With the pictures removed, retype the lines from the one holding "PosterMonkey Poster Bomen" through the end of the records, exactly as written.

▶ [RAW DATA]:

+===+

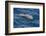 Clymene Dolphin (Stenella Clymene) Breaking the Surface-Mick Baines-Framed Photographic Print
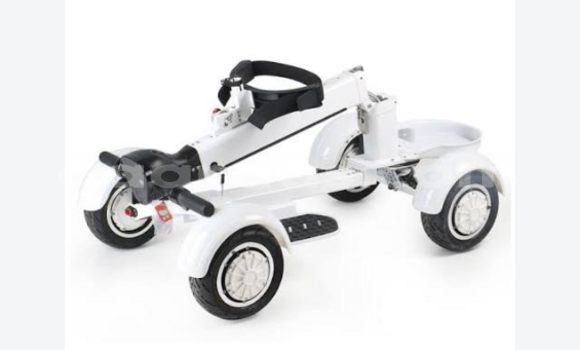 EcoRider G2 Skateboard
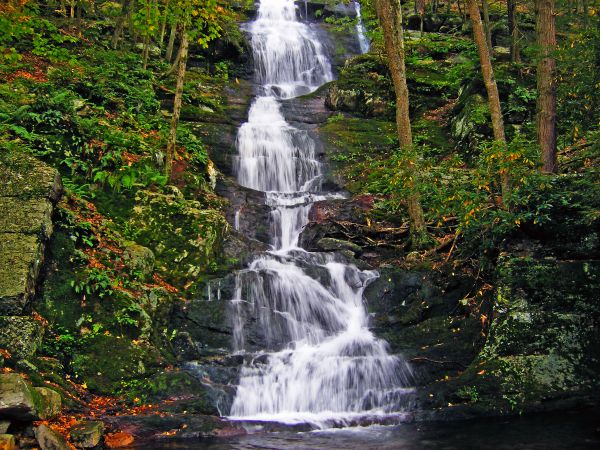 Baum,Wasser,Natur,Wald,Wasserfall,Rock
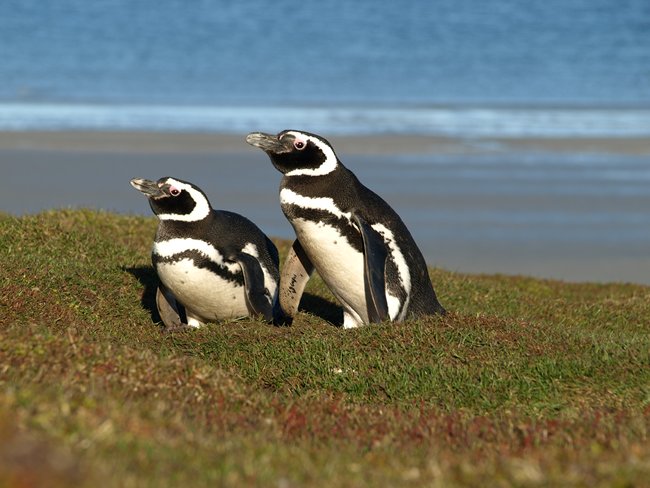 ../../Pictures/241209/040 Magellan.JPG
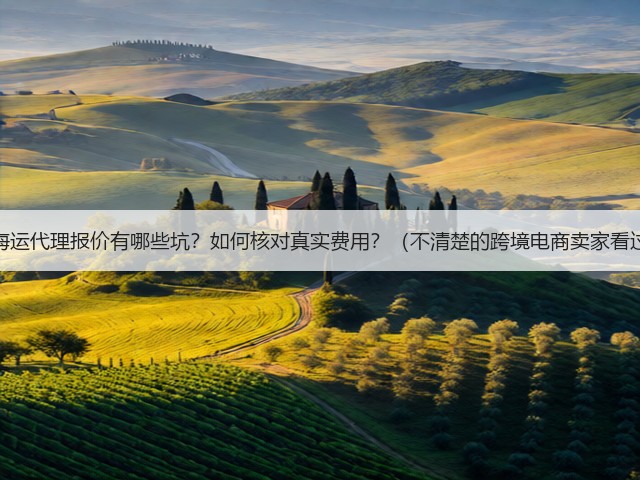 国际海运代理报价有哪些坑?如何核对真实费用?(不清楚的跨境电商卖家看过来)(图3) 国际海运代理报价有哪些坑?如何核对真实费用?(不清楚的跨境电商卖家看过来)(图3)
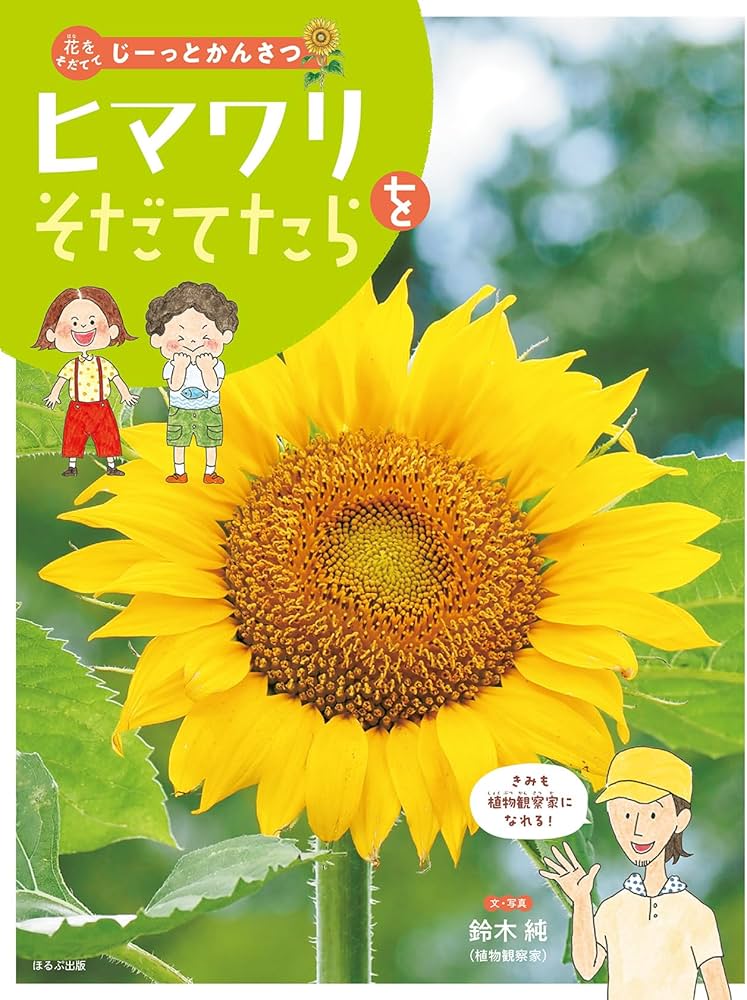 ひまわり★プロフ&商品説明必読です★ ヒマワリをそだてたら (花をそだててじーっとかんさつ) | 鈴木 純
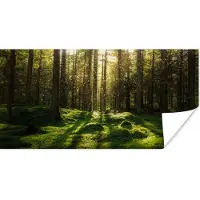 PosterMonkey Poster Bomen - Bos - Mos - Planten - Zon - Natuur - 120x60 cm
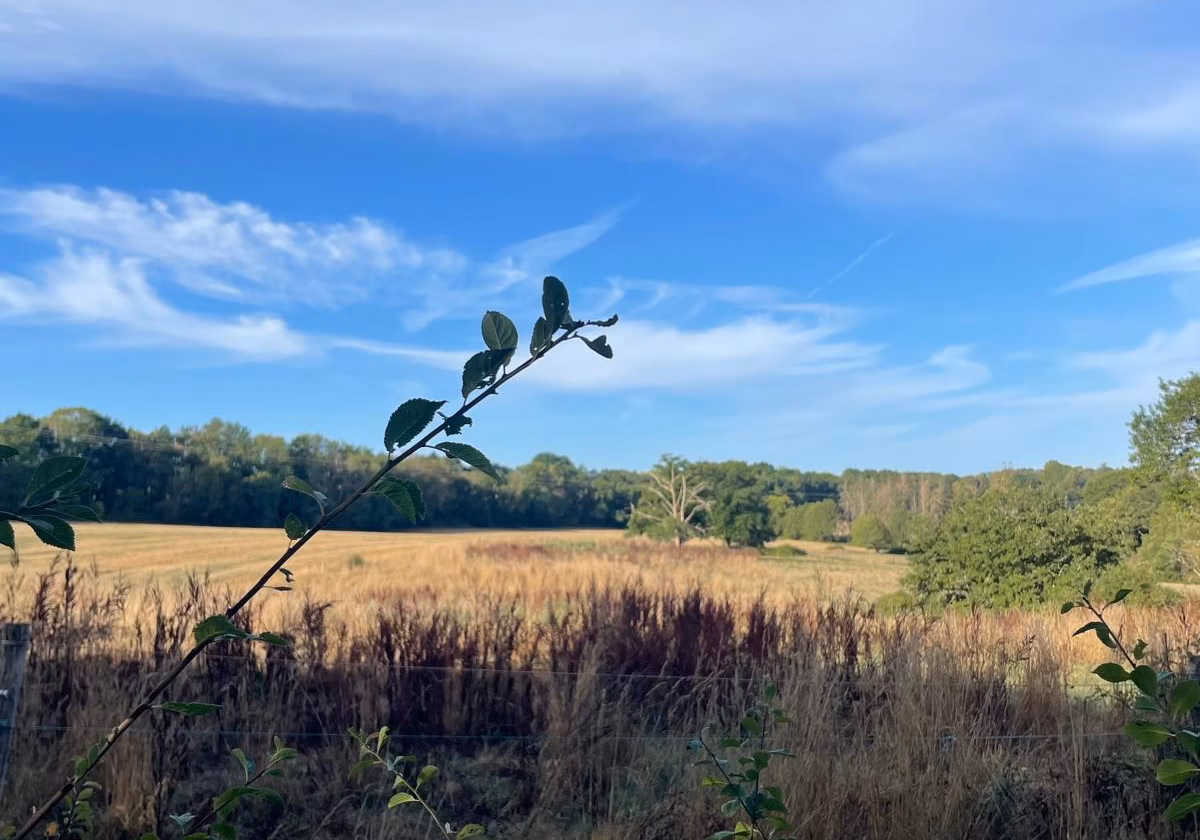Doorkijkje op het land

+===+

▶ [WORKED SOLUTION]:
 PosterMonkey Poster Bomen - Bos - Mos - Planten - Zon - Natuur - 120x60 cm
Doorkijkje op het land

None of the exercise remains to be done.